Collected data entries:
================================

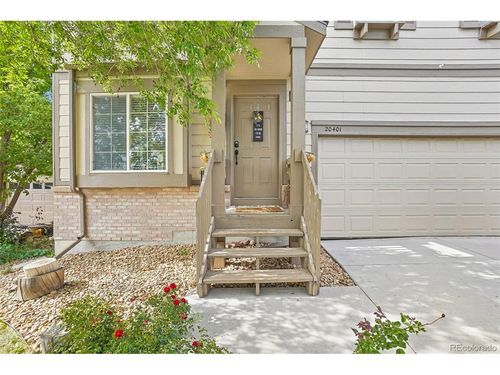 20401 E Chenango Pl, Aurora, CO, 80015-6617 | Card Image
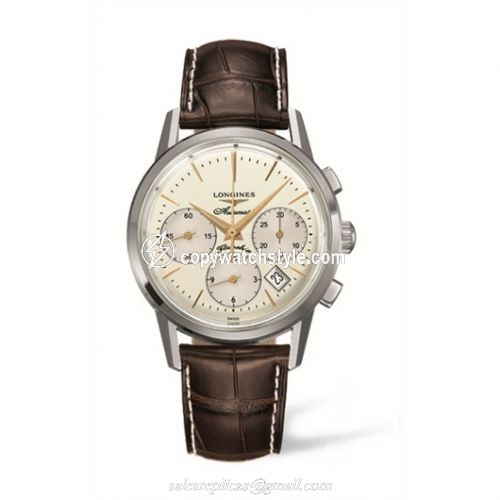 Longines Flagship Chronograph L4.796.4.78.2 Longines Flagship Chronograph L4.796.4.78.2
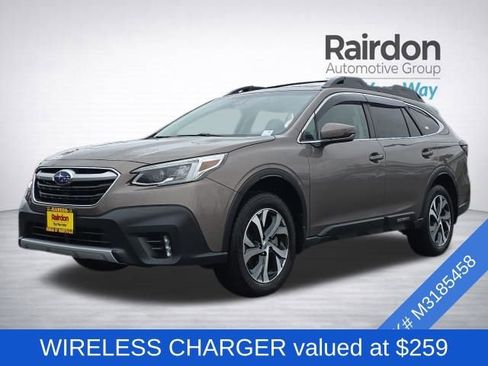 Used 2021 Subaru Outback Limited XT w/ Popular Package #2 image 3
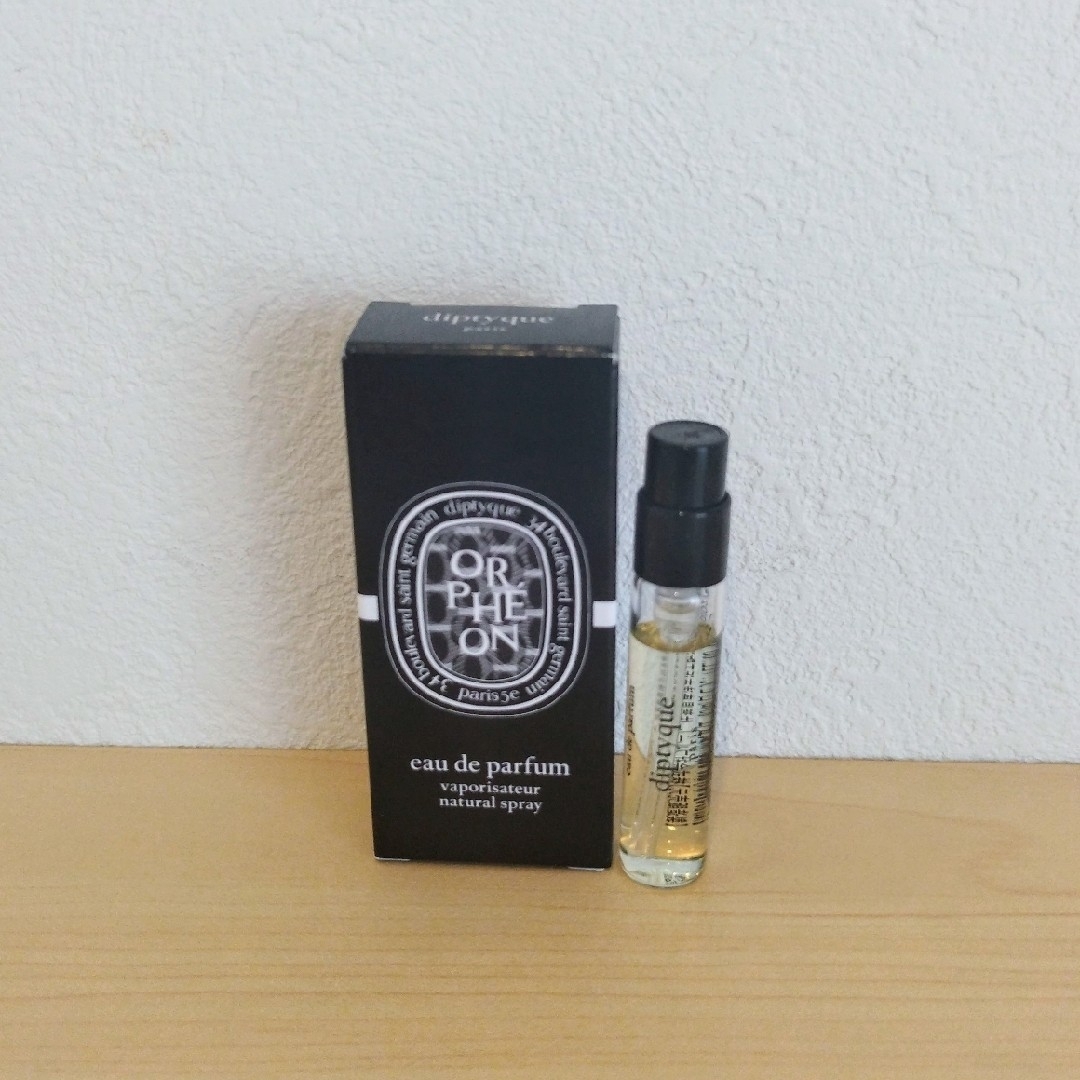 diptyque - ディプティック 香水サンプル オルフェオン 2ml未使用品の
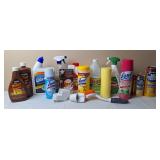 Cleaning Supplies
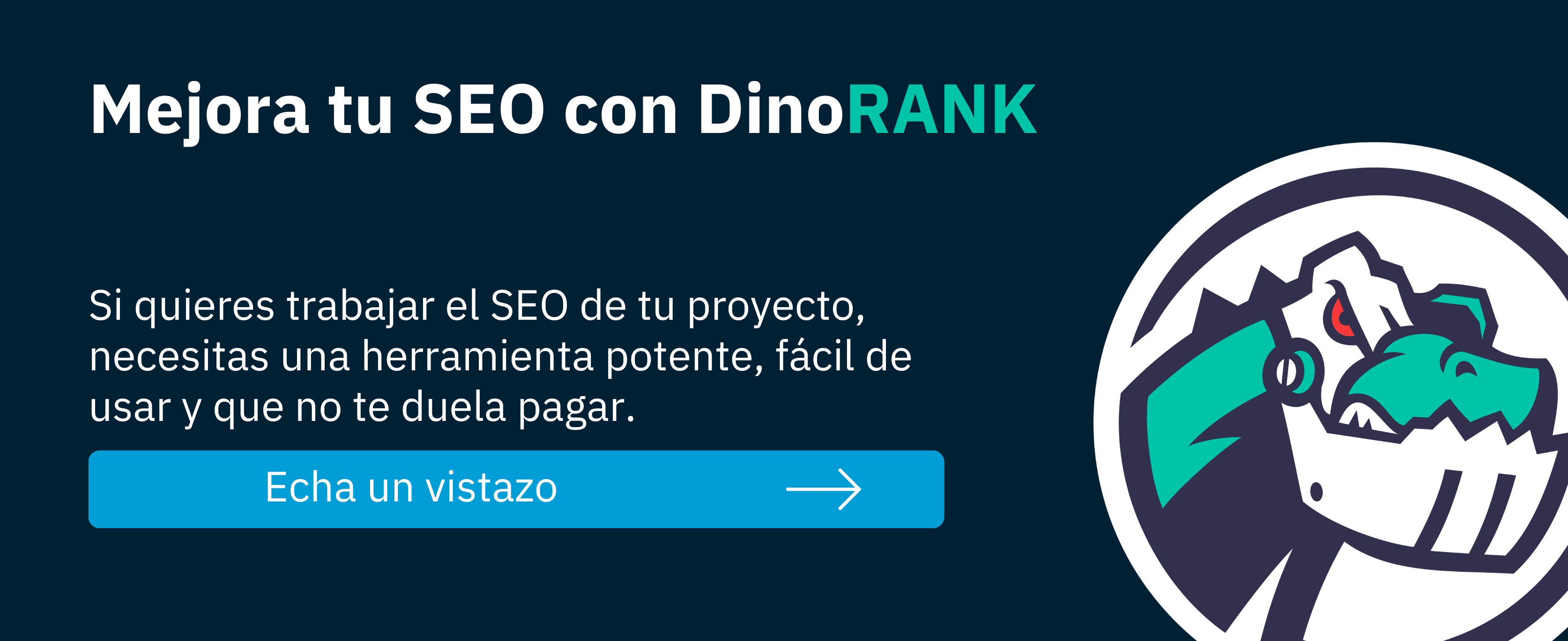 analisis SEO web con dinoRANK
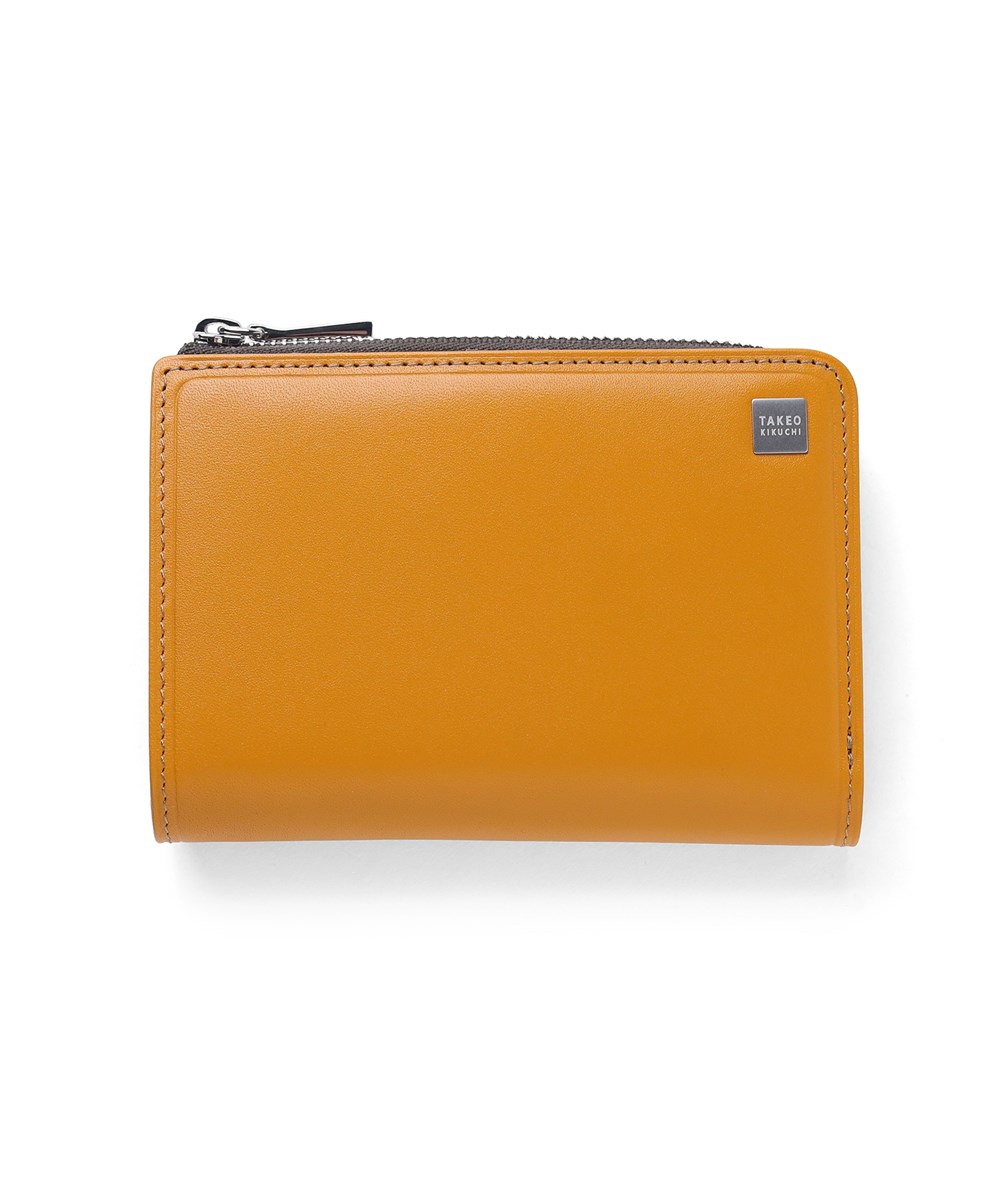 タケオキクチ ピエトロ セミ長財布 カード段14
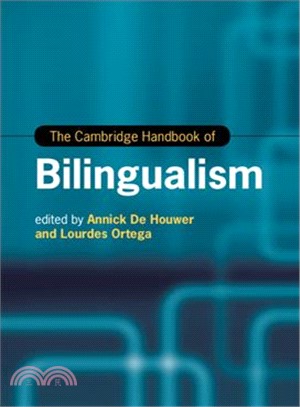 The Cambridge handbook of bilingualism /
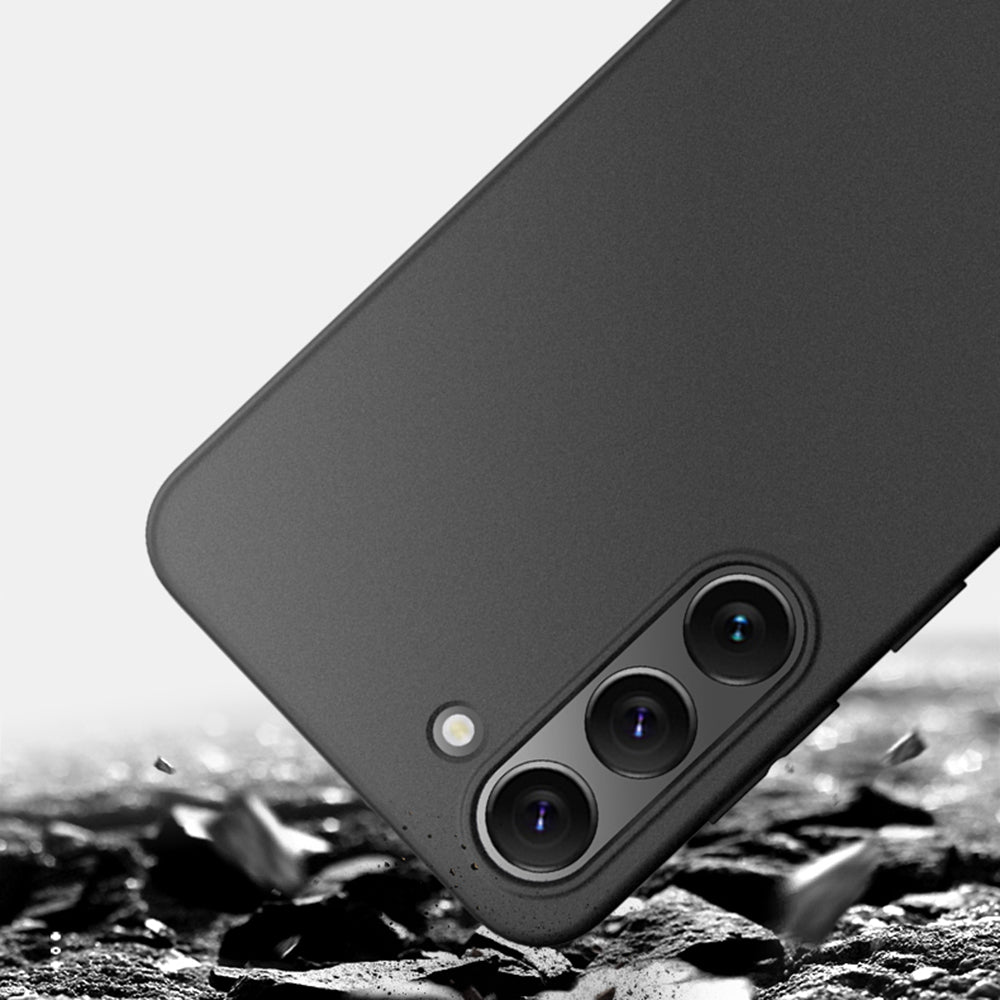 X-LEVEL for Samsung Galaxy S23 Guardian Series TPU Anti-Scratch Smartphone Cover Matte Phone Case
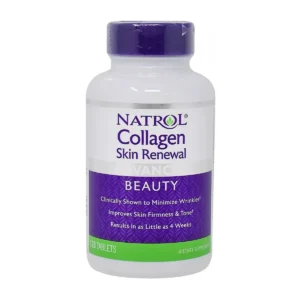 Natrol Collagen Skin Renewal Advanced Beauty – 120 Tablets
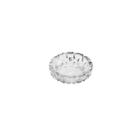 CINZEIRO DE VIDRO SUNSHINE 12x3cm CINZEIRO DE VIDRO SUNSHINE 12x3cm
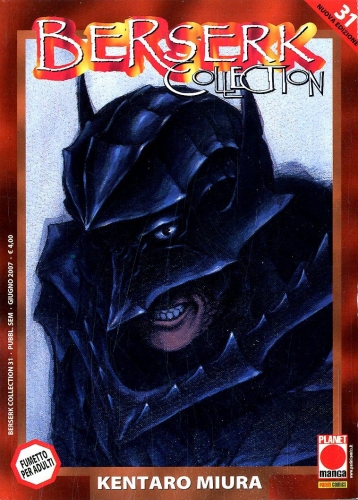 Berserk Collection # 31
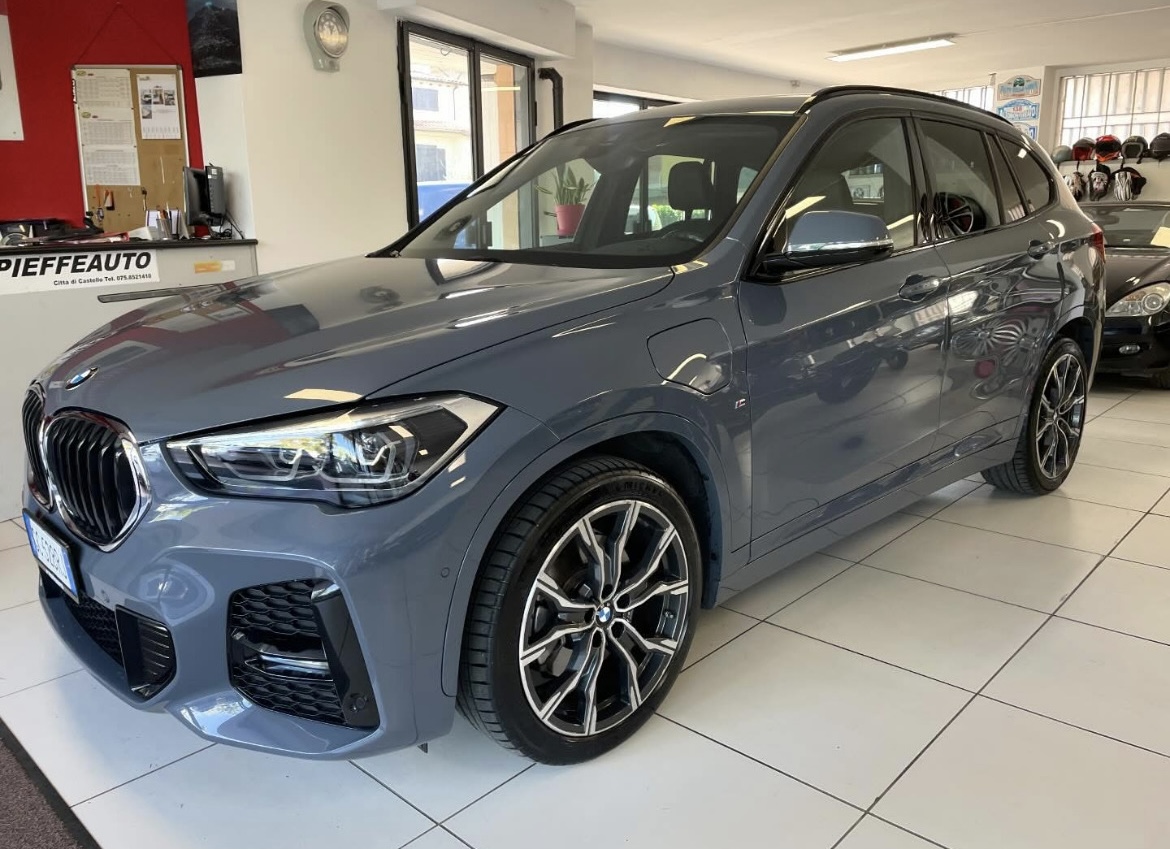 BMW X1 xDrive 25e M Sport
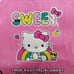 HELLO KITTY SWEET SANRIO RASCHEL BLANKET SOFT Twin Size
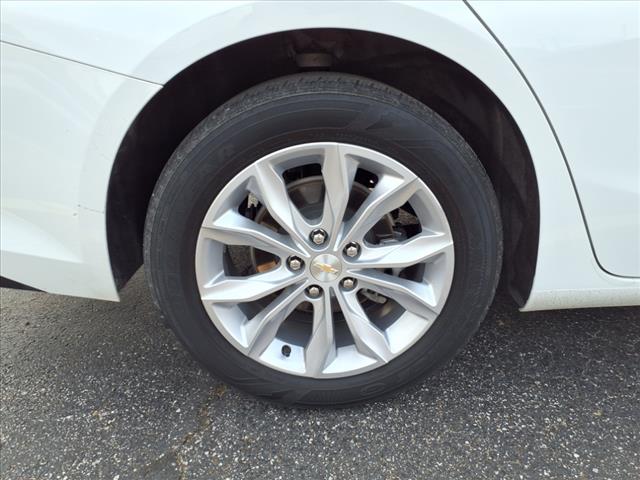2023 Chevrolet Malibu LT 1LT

================================

Description of the task: Your copy of the data above should match it exactly, apart from the images.

Expected answer:
 20401 E Chenango Pl, Aurora, CO, 80015-6617 | Card Image
 Longines Flagship Chronograph L4.796.4.78.2 Longines Flagship Chronograph L4.796.4.78.2
 Used 2021 Subaru Outback Limited XT w/ Popular Package #2 image 3
 diptyque - ディプティック 香水サンプル オルフェオン 2ml未使用品の
 Cleaning Supplies
 analisis SEO web con dinoRANK
 タケオキクチ ピエトロ セミ長財布 カード段14
 The Cambridge handbook of bilingualism /
 X-LEVEL for Samsung Galaxy S23 Guardian Series TPU Anti-Scratch Smartphone Cover Matte Phone Case
 Natrol Collagen Skin Renewal Advanced Beauty – 120 Tablets
 CINZEIRO DE VIDRO SUNSHINE 12x3cm CINZEIRO DE VIDRO SUNSHINE 12x3cm
 Berserk Collection # 31
 BMW X1 xDrive 25e M Sport
 HELLO KITTY SWEET SANRIO RASCHEL BLANKET SOFT Twin Size
2023 Chevrolet Malibu LT 1LT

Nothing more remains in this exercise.